Work to be completed.
In your copy, reproduce each entry exactly and leave out the pictures.

[Short web captions]
++++
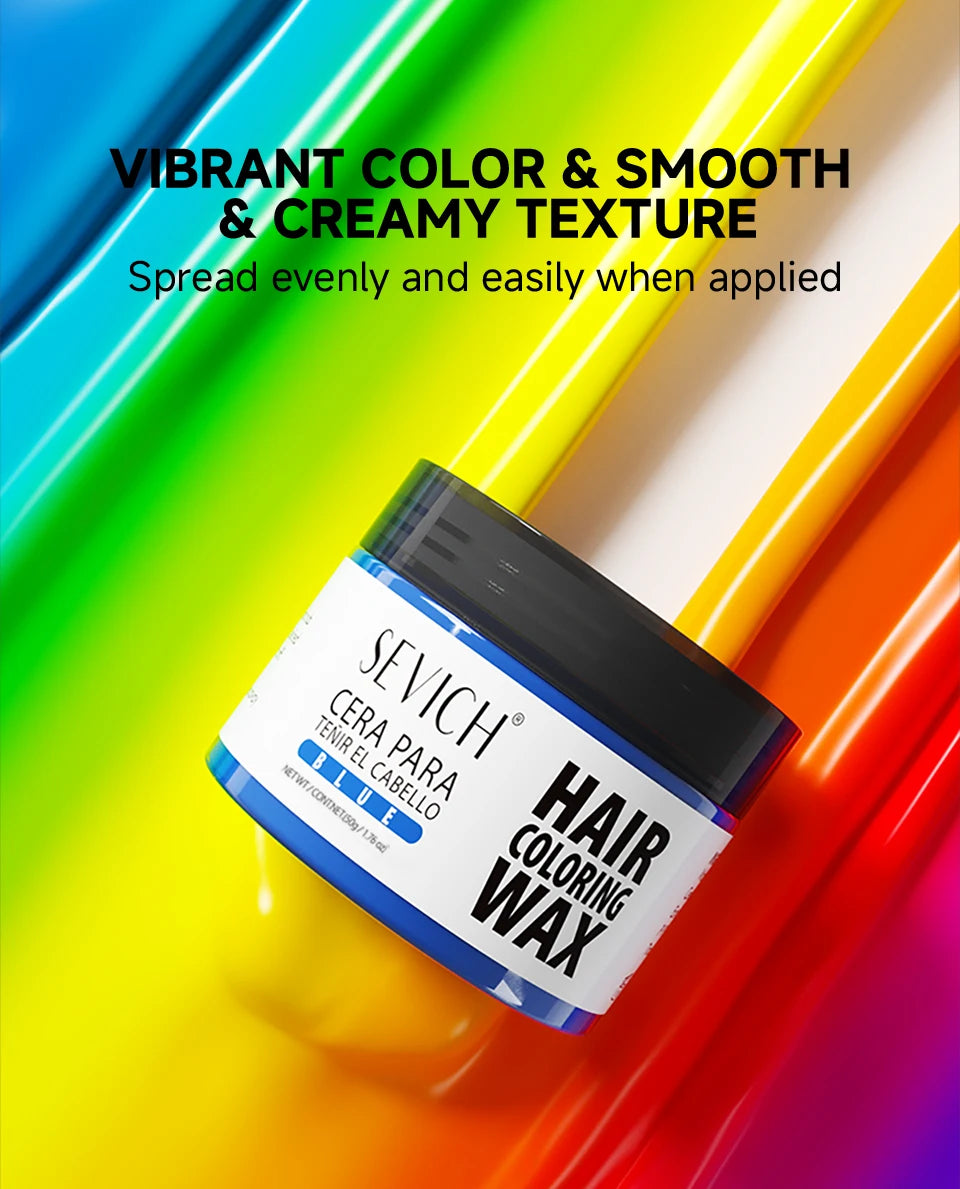 13 colors Halloween Hair Colour Wax 50g/120g DIY Temporary Dye Hair Mud Wax Hair Colour Cream For Daily Party Cosplay Men&Women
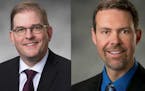 Dr. Nick Van Deelen and Eric Lohn have been named co-presidents and co-CEOs of Duluth-based St. Luke’s. They have led the health system on an interi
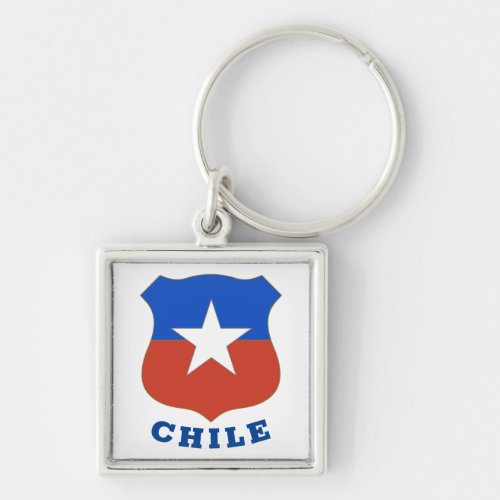Chile Emblem Keychain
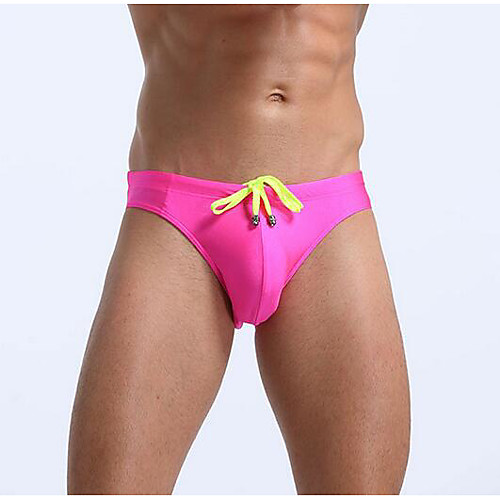 

Men's Bottoms Swimsuit Solid Colored Normal Swimwear Bathing Suits Red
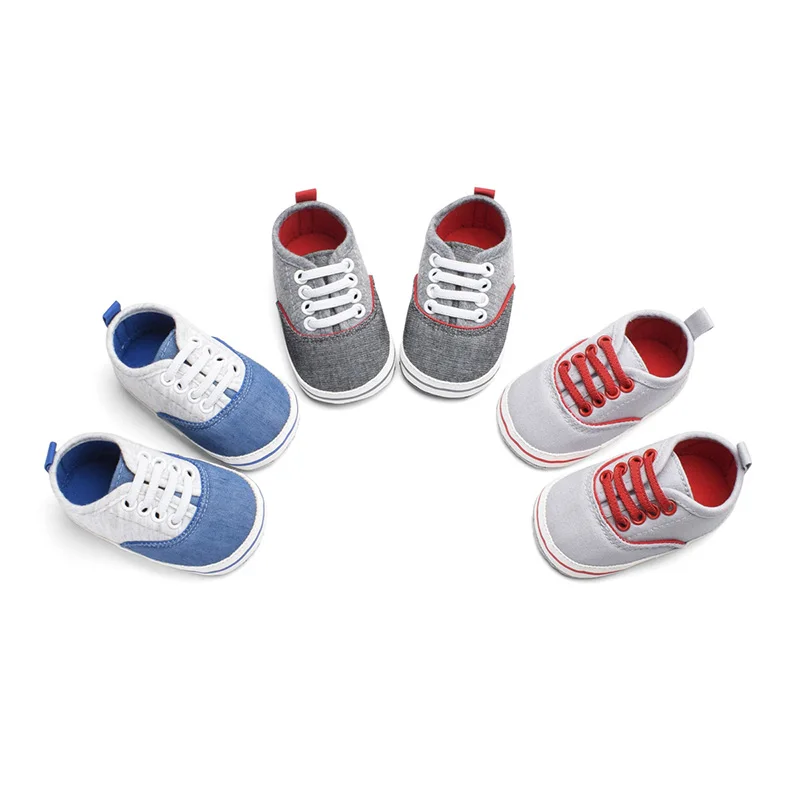 

New Canvas Baby Sneaker Shoes Toddler Soft Bottom Anti-slip First Walkers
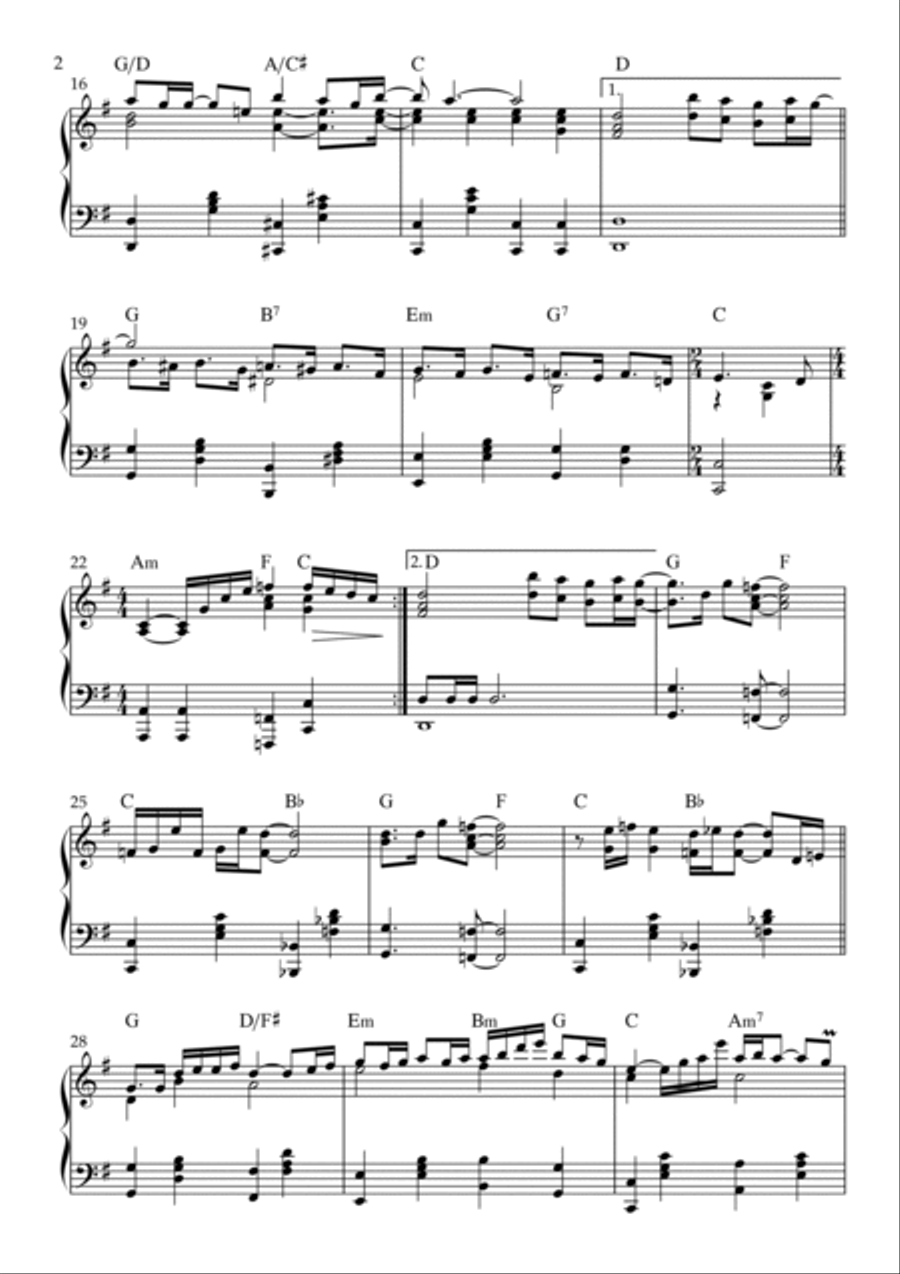 Friends Will Be Friends Piano scores gallery preview page 2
++++
Reply to the task.
 13 colors Halloween Hair Colour Wax 50g/120g DIY Temporary Dye Hair Mud Wax Hair Colour Cream For Daily Party Cosplay Men&Women
 Dr. Nick Van Deelen and Eric Lohn have been named co-presidents and co-CEOs of Duluth-based St. Luke’s. They have led the health system on an interi
Chile Emblem Keychain

Men's Bottoms Swimsuit Solid Colored Normal Swimwear Bathing Suits Red

New Canvas Baby Sneaker Shoes Toddler Soft Bottom Anti-slip First Walkers
 Friends Will Be Friends Piano scores gallery preview page 2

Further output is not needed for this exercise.